I think when you get too close to real-life events, you run the risk that someone is going to assume you were writing about them and sue you. Even if you weren't doing so, if the judge and jury thinks there's enough evidence that you did, you could end up in serious trouble. Especially if you're writing something contemporary, it's a huge risk to base your fiction that closely on real events and real people.

That said, sometimes real events and real people may give you ideas that spin off into entirely different scenarios, ones that make great stories and won't get you sued in the process. Odd things will spark new stories. You just never know sometimes where your next idea will come from.
Especially if you're writing something contemporary, it's a huge risk to base your fiction that closely on real events and real people.

But of course there are all sorts of past events--- crime stories that have been forgotten about, part of the "annals," become anonymous with time. I was sort of thinking along those lines. Naturally, you can't write about anything TOO high profile---unless you make it a documentary. And I expect most crime fiction writers read books on the psychology of killers. THAT"S interesting.
I have read than ONE IN FOUR people is a sociopath. Not necessarily someone who kills, but someone who lacks a moral compass---for whatever reason. Some are integrated into society very well--upbringing & religion may play a role in this. Others surface because they do commit some kind of crime---or just break the law. Ann Miller, who poisoned her husband, was very likely a sociopath. Everything she seemed to be, she was not. "Deadly Dose" is a real page-turner--and all of it true! Profile of a psychopath. No one else was real to her. Of course you could use her TYPE in a fictional mystery, even if you couldn't use the actual scenario.
Well this has been an interesting discussion, even if it did at times move towards a debate on the death penalty. It is interesting, but not surprising, that at least two of the crime fiction writers have been proponents of the death penalty whereas the reader is against it. Steep yourself in crime and lose any belief in the idea of redemption?

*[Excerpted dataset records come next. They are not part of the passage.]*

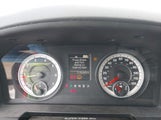 Ram  Tradesman 1C6RR6FG4DS542028 снимка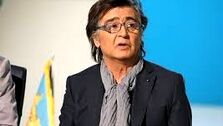 رضا رویگری اعتراف کرد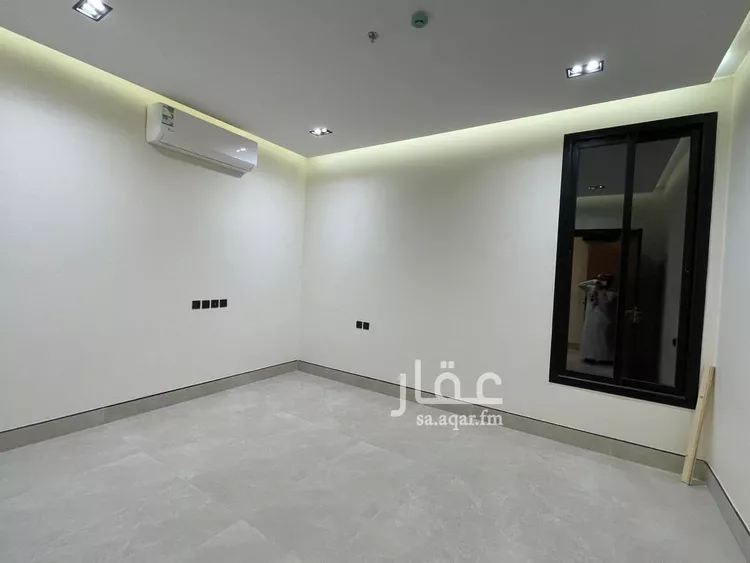 شقة للبيع في شارع السيل الكبير, حي المهدية, مدينة الرياض, منطقة الرياض صورة 5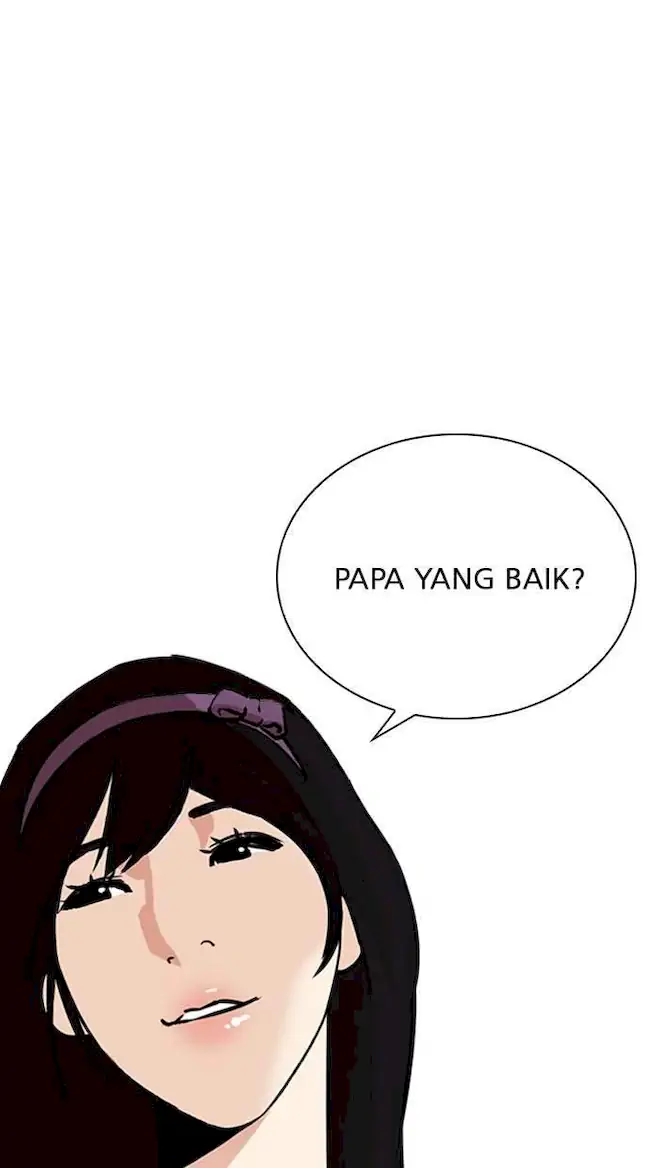 Lookism Bab 268 halaman 59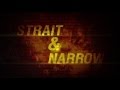 Watch Strait & Narrow (2017) Full Online Free 123movies
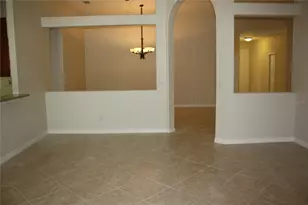 9115 Pinebreeze Dr, Riverview, FL 33578 - Photo 20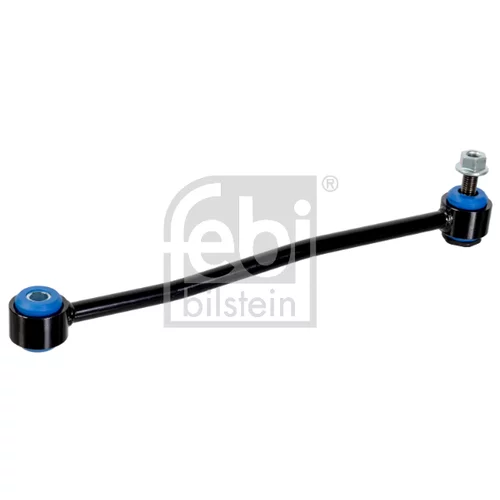 Tyč/Vzpera stabilizátora FEBI BILSTEIN 37163 - obr. 1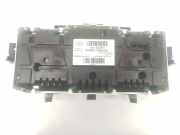 Tachoeinheit Kmh 248102239R Renault Trafic (1FL/2FL/3FL/4FL) Van 1.6 dCi 115 (R9M-402)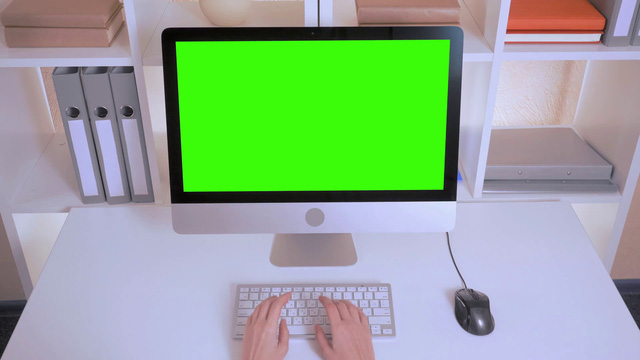 Làm gì để chống lại bệnh máy tính? - Ảnh 3.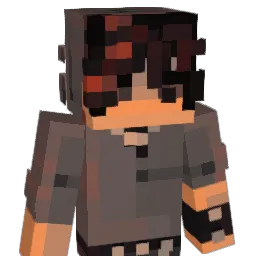 jjaeyay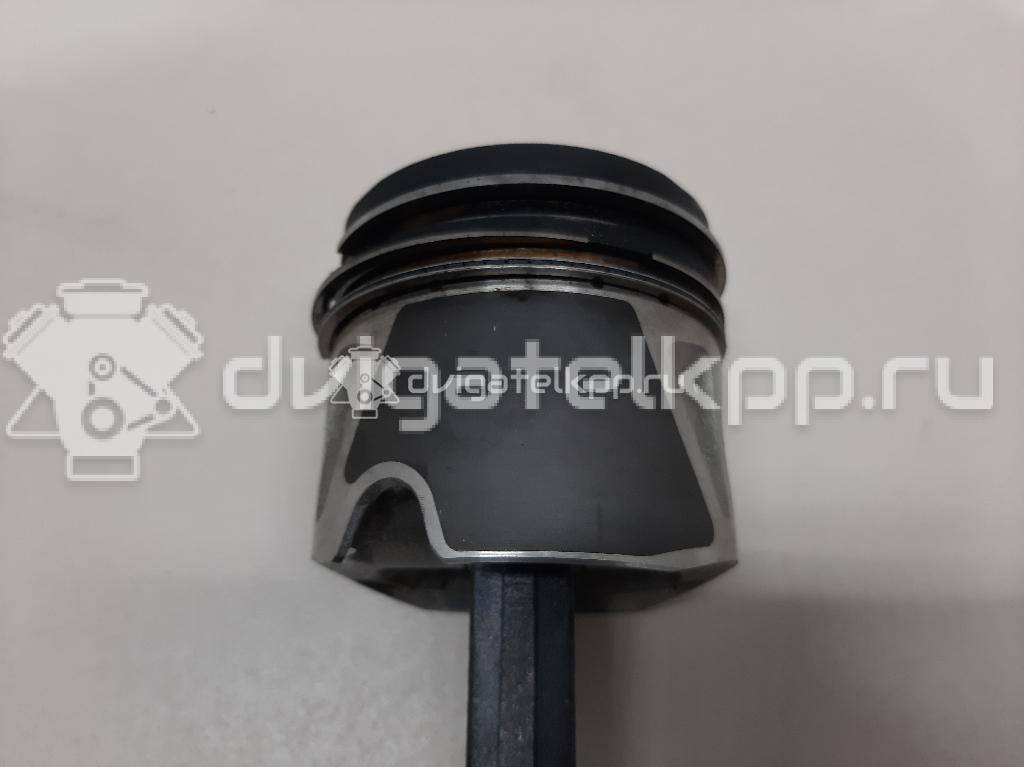 Фото Поршень с шатуном  для Mercedes-Benz B-Class / Cla / A-Class / Gla-Class X156 {forloop.counter}}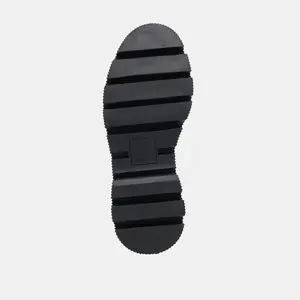 Dolce Vita Emmet H20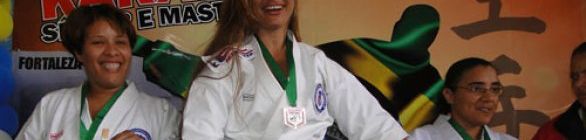 Governo da Bahia investe R$ 3,5 milhões no esporte amador por meio do FazAtleta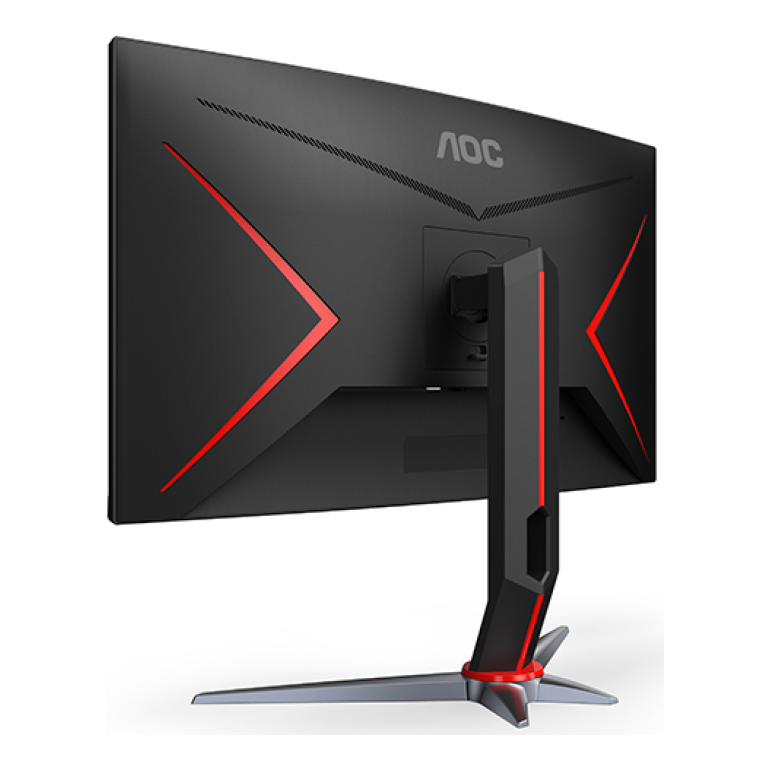 Monitor AOC C24G2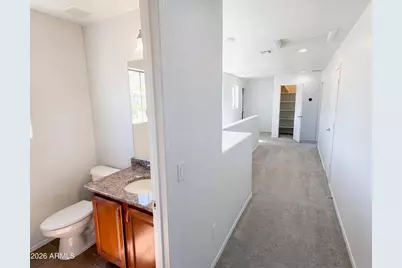 2513 W Florentine Road, Phoenix, AZ 85086 - Photo 28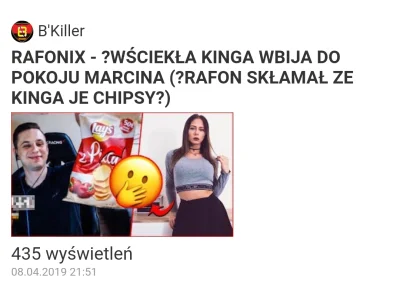 1TonyBana1 - Widze że problemy trzeciego świata #!$%@? ponad skale xD
 kiedyś go lub...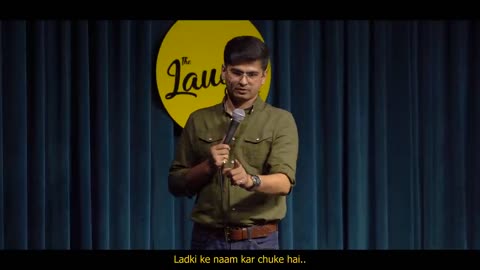 Alto aur Property | Crowdwork | Stand up Comedy by Rajat Chauhan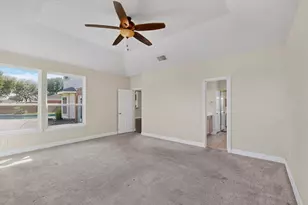 8417 Rock Canyon Ct, Fort Worth, TX 76123 - Photo 22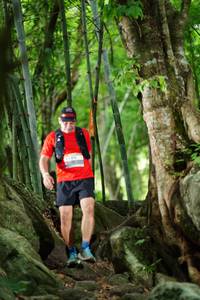 BIB: 
                            <button type="button" onclick="openModal(18497434)" class="btn btn-primary btn-sm float-right btn-popup" data-toggle="modal" data-target=".modal-high-quality">
                        <i class="fas fa-shopping-cart"></i> Add to Cart
                    </button>
                                            <button type="button" onclick="isThisMe(18497434, true)" class="btn btn-success btn-sm float-right btn-popup btn-isme hidden" data-toggle="tooltip" data-placement="bottom" title="นี่คือรูปของคุณใช่ไหม คลิกที่นี่เพื่อเอาเข้าอัลบั้ม">
                        <i class="fas fa-plus"></i> Add to album
                    </button>
                    <button type="button" onclick="isThisMe(18497434, false)" class="btn btn-warning btn-sm float-right btn-popup btn-isnotme hidden">
                        <i class="fas fa-ban"></i> Remove from album
                    </button>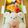 クックH9Y7SA☆'s cooksnap of when they made 簡単キャラ弁♡すみっコぐらしのしろくま.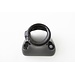 FULLSIX Carbon KEYLOCK COVERHYPERMOTARD 796/1100 (2007 - 2012)
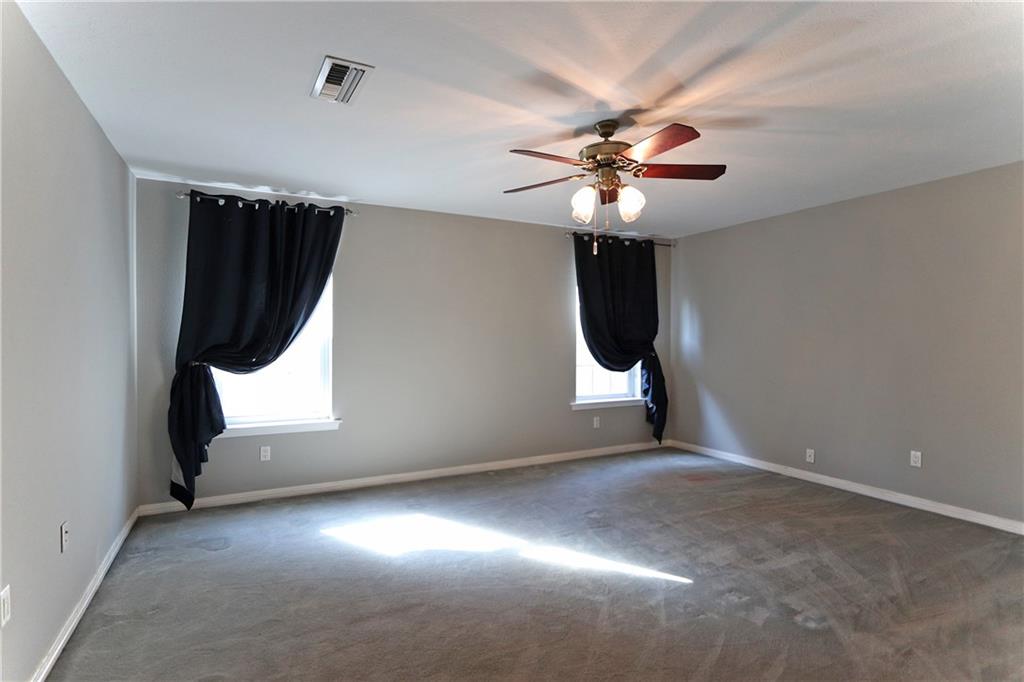 9424 Liberty Court River Ridge, LA 70123 - Photo 15 of 24 Gallery Image 15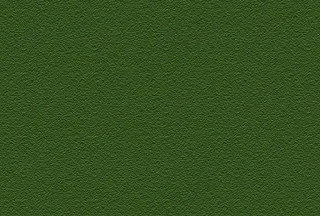 磨砂纹理图图片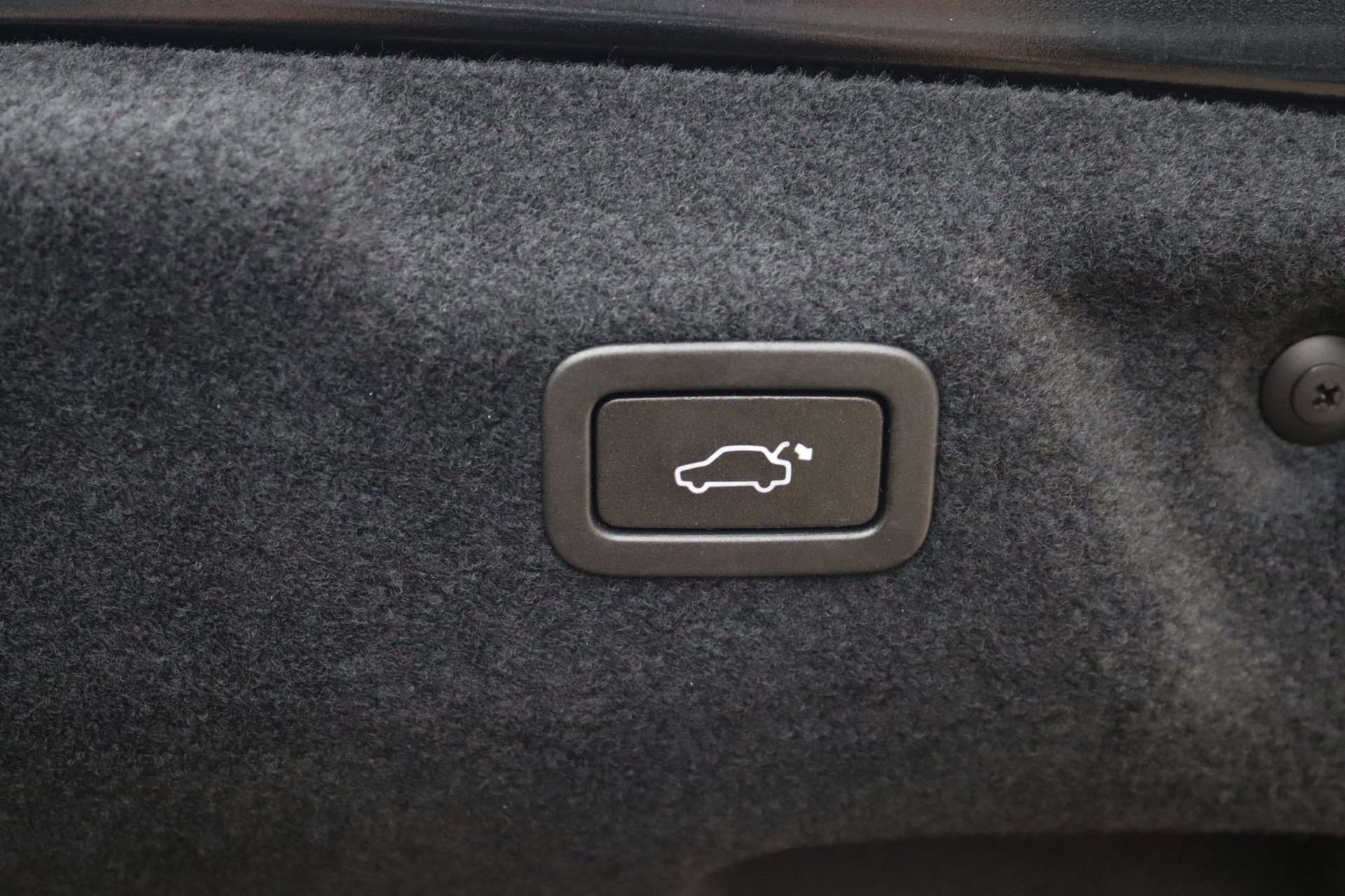Foto van Jaguar Jaguar Xe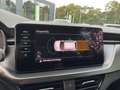 Skoda Kamiq Monte Carlo 1.5 TSI Pano Navi DigiCock LED ACC Kur Grau - thumbnail 24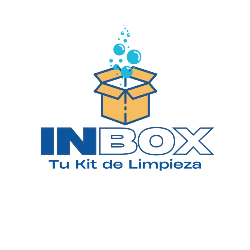 Logo In-Bas 7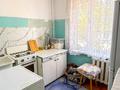 1-комнатная квартира · 31 м² · 2/5 этаж, гали орманова за 10 млн ₸ в Талдыкоргане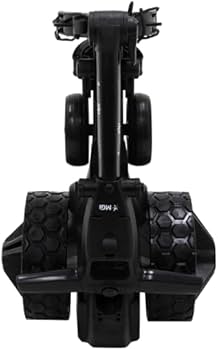 Amazon.co.jp: MGI ゴルフジップナビゲーター電動キャディ リモコン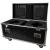 Equinox 2-Way Fusion Patriot 1940FXP Zoom Wash Flight Case - view 6
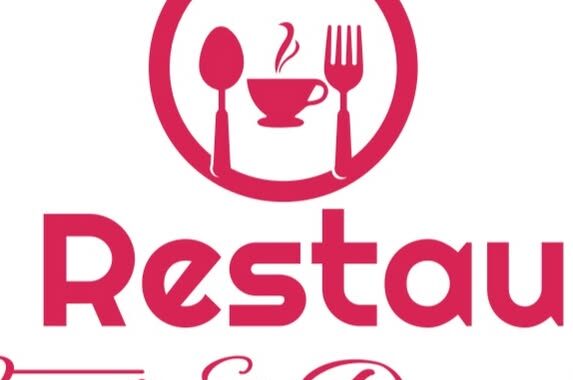 Icon Restaurant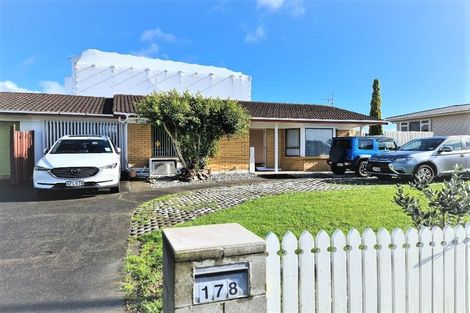 Photo of property in 57 Austin Road, Dairy Flat, Albany, 0794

On to the actual questions of whether real-life events should inform crime fiction I will use the words of David Peace "To me there's just so much that happens in real life that we don't understand and we can't even fathom. I don't really see the point of making up crimes".

I think the real question is should you focus on specific recent crimes or perhaps on those where the protagonists are long gone so as not to dig up the recent past. But then why should a writer censor their work like that. Peace has written books around the 'Yorkshire Ripper' mass murderer, the UK miners strike, and recently post-1945 murders in Japan and as a result has come up with some of the most interesting British crime fiction of the last decade.

James Ellroy is perhaps the true master of taking real life criminal events and using that as the canvas on which to develop his stories. As a huge fan of his work, and a pretty big critic of generic crime fiction, I think that my vote would go down on the side of Ellroy and Peace.